Estas detalladas y elaboradas listas, que fueron una moda de los nobles entre los siglos XVI, XVII y XVIII (y aun después), fueron cámaras de maravillas fantasmas, un fiel reflejo de la preciosa obsesión de los coleccionistas: minerales, plantas y animales, que a manera de museos privados demostraban su poder social, su riqueza y su supuesta abundancia de saber.

Jorge Luis Borges, por su parte, intentó una empresa semejante en el célebre cuento “Tlön, Uqbar, Orbis Tertius”, un breve recuento de una civilización imaginaria, siguiendo a Jonathan Swift, que en Los viajes de Gulliver describe la ciencia y cosmovisión de los habitantes de Liliput. Esto nos plantea la posibilidad de considerar a la imaginación como uno más de los sentidos, y no mera fantasía.

Desde Sócrates, pero sobre todo a partir de los posteriores neoplatónicos y de Plotino (siglo II de nuestra era), se considera al conocimiento como algo inherente a cada ser humano, ocluido por el “contrato” que se firma al nacer y que consiste en beber de las “aguas del olvido”. Y ha continuado como una tradición hoy sólo sostenida por la literatura fantástica, el ocultismo o ciertas versiones del orientalismo. Pero el acceso a esa memoria se presume cercano al absoluto; es decir, hay que recordar con exacta precisión hasta los detalles más nimios. Es también por eso la obsesión de los renacentistas al inferir que recobrar la memoria es despertar a la vida y al conocimiento.

Todo esto forma parte central de la preocupación renacentista por recobrar los tesoros del saber perdidos. Hay que decir que apenas hasta hace muy poco se han encontrado nuevos y eficientes métodos de conservación fotográficos y ahora digitales; antes, la pérdida de libros o artefactos era considerada una verdadera catástrofe. En este contexto hay que situar el libro de Thomas Browne, que con seriedad fundamentada plantea que la imaginación es un método válido de exploración y restauración de nuestro pasado.

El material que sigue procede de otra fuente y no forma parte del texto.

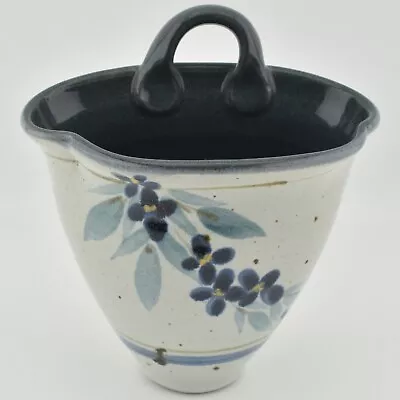 Buy Crathes Studio Pottery Scotland Blue Floral Wall Pocket Vase Pot Planter Flower • 14.99£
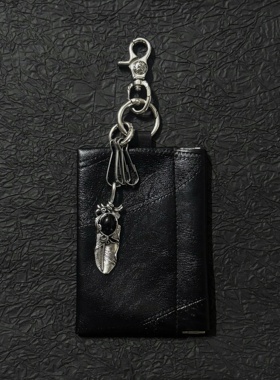 SFSN原创cleanfit黑色磁吸皮革零钱包腰间配饰玛瑙叶子钥匙扣挂件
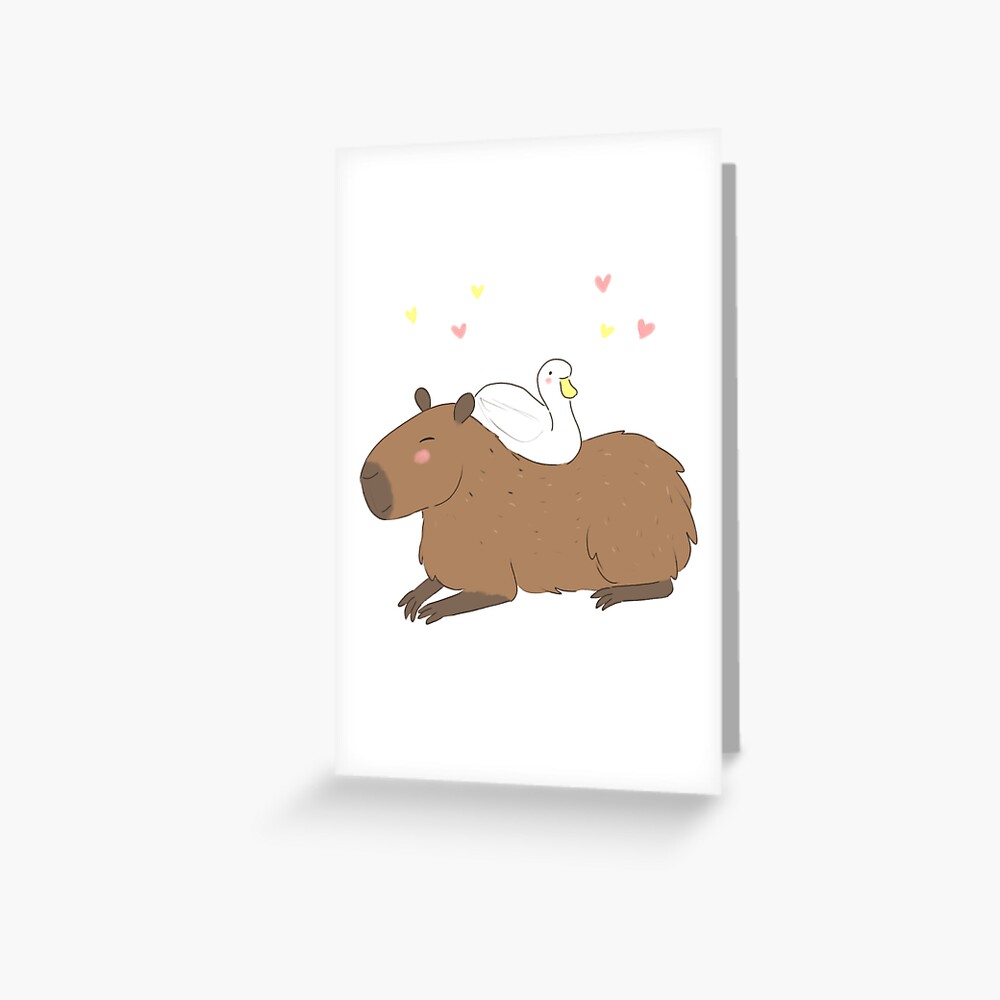 Cute Capybara Cartoon With A Duck Friend Adorable Duck And Capybara Friends Greeting Card By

El Musaeum Clausum (que podría traducirse como “la biblioteca escondida”), como el Manual de zoología fantástica de Borges, es quizá resultado de la melancolía de las pérdidas ancestrales de la humanidad, y podría verse como un afán de recobrar algo que no sólo nos podría recordar a la Biblioteca de Alejandría y su catastrófico incendio, sino también al estado original de la humanidad, el paraíso perdido.

El magnífico catálogo de Browne abreva, no sin un toque de ironía y comedia, del azar del recuerdo, del mito no como fantasía, sino como la recopilación de las historias del origen que componen el mapa de navegación de nuestra interioridad. La lista del Musaeum Clausum sobrevive, al igual que el recuerdo heredado de la Biblioteca de Alejandría, como una lista de fantasmas que nos hablan de la profunda melancolía de la pérdida que persiguió al espíritu del Renacimiento, y que nos persigue hasta el día de hoy.